Zur Debatte um das Anti-Counterfeiting Trade Agreement (ACTA) erklärt die zuständige Berichterstatterin der SPD-Bundestagsfraktion im Ausschuss für Kultur und Medien Brigitte Zypries:

Die Bundesjustizministerin hat das internationale Handelsabkommen ACTA erst im Kabinett beschließen lassen - jetzt gilt dieser Beschluss plötzlich nicht mehr. Es macht keinen Sinn, die notwendige und wichtige Debatte über den Schutz geistigen Eigentums im Internet durch Unklarheit und Geheimnistuerei zu emotionalisieren. Wichtig ist vielmehr eine rationale Diskussion um die nötige Durchsetzung der Urheberrechte auch im Internet, erklärt Brigitte Zypries.

 

Auch bei der Zeichnung internationaler Verträge geht es bei dieser Bundesregierung nach dem Motto: Was stört mich meine Entscheidung von gestern - oder: Rinn in die Kartoffeln, raus aus den Kartoffeln. Es gibt auch in diesem Bereich keine Verlässlichkeit im Handeln. Am 30. November 2011 hat das Kabinett auf Vorschlag der Bundesjustizministerin entschieden, ACTA zu unterzeichnen. Am 8. Februar 2012 gilt dieser Beschluss nicht mehr - obwohl das Kabinett nichts anderes beschlossen hat.
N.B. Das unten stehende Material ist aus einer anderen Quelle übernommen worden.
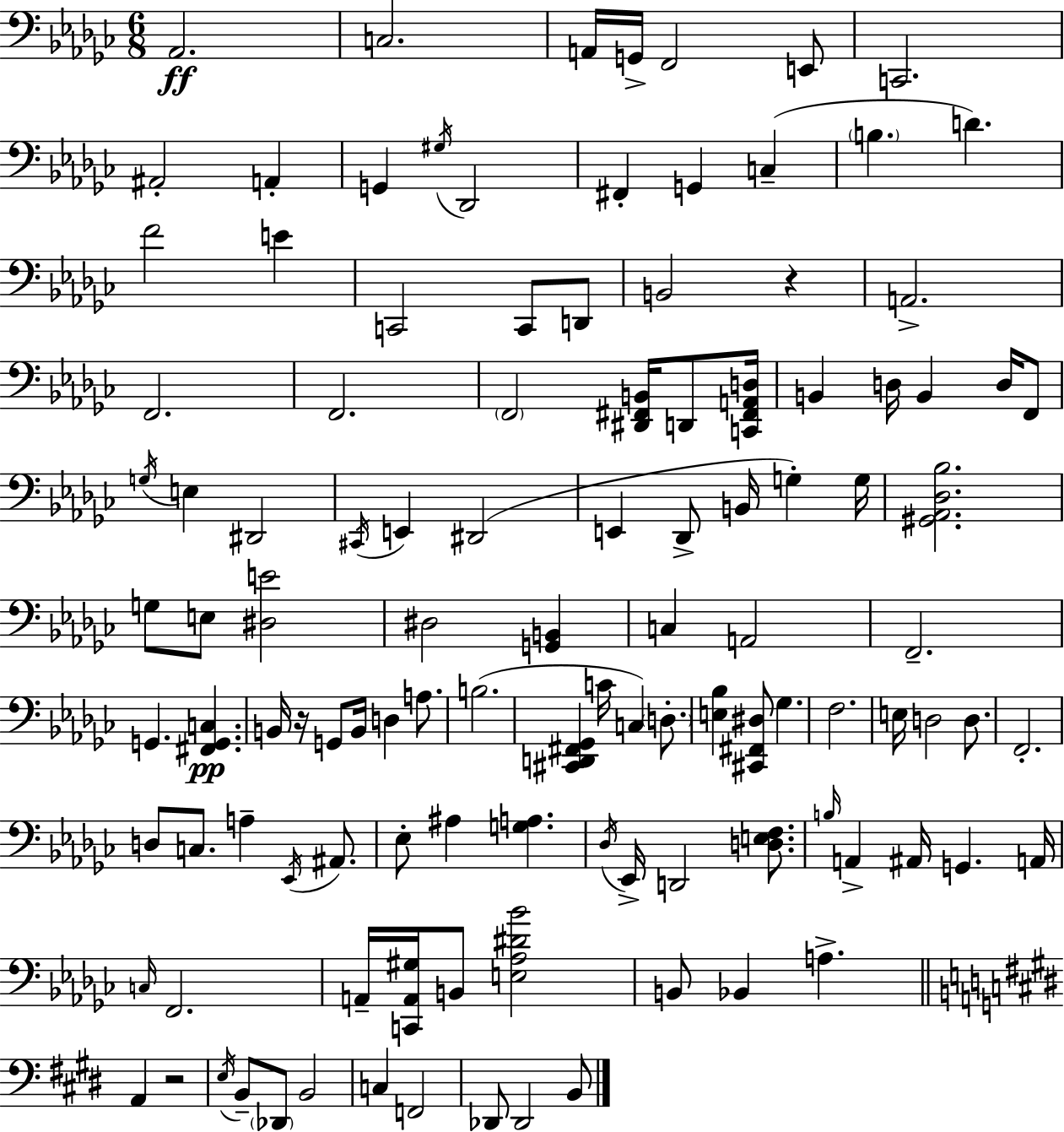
Ab2/h. C3/h. A2/s G2/s F2/h E2/e C2/h. A#2/h A2/q G2/q G#3/s Db2/h F#2/q G2/q C3/q B3/q. D4/q. F4/h E4/q C2/h C2/e D2/e B2/h R/q A2/h. F2/h. F2/h. F2/h [D#2,F#2,B2]/s D2/e [C2,F#2,A2,D3]/s B2/q D3/s B2/q D3/s F2/e G3/s E3/q D#2/h C#2/s E2/q D#2/h E2/q Db2/e B2/s G3/q G3/s [G#2,Ab2,Db3,Bb3]/h. G3/e E3/e [D#3,E4]/h D#3/h [G2,B2]/q C3/q A2/h F2/h. G2/q. [F#2,G2,C3]/q. B2/s R/s G2/e B2/s D3/q A3/e. B3/h. [C#2,D2,F#2,Gb2]/q C4/s C3/q D3/e. [E3,Bb3]/q [C#2,F#2,D#3]/e Gb3/q. F3/h. E3/s D3/h D3/e. F2/h. D3/e C3/e. A3/q Eb2/s A#2/e. Eb3/e A#3/q [G3,A3]/q. Db3/s Eb2/s D2/h [D3,E3,F3]/e. B3/s A2/q A#2/s G2/q. A2/s C3/s F2/h. A2/s [C2,A2,G#3]/s B2/e [E3,Ab3,D#4,Bb4]/h B2/e Bb2/q A3/q. A2/q R/h E3/s B2/e Db2/e B2/h C3/q F2/h Db2/e Db2/h B2/e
Nach Auffassung von Leutheusser-Schnarrenberger müsste nun erst mal das EU-Parlament entscheiden, ob es ACTA wolle oder nicht.

 

Da die in dem Abkommen enthaltenen Regelungen teils Unionszuständigkeiten, teils aber auch mitgliedstaatliche Kompetenzen berühren, handelt es sich um ein sogenanntes gemischtes Abkommen. Das heißt, Vertragspartei ist neben der europäischen Union auch jeder Mitgliedstaat. Deutschland muss also eine eigene Entscheidung fällen und da ist die Frage erlaubt: Wie hat die Bundesregierung die Verhandlungen der Europäischen Kommission begleitet? Das Bundesjustizministerium als federführendes Ministerium hätte jederzeit den Verhandlungsstand und die verhandelten Inhalte bei der Kommission abfragen können. Wenn das schon unterblieb: Warum legt die Bundesjustizministerin jetzt nicht die Verträge auf den Tisch und belegt, woraus sich der fehlende Gesetzgebungsbedarf für Deutschland ergibt? Es macht doch keinen Sinn, die notwendige und wichtige Debatte über den Schutz geistigen Eigentums im Internet durch Unklarheit und Geheimnistuerei zu emotionalisieren. Wichtig ist vielmehr eine rationale Diskussion um die nötige Durchsetzung der Urheberrechte auch im Internet.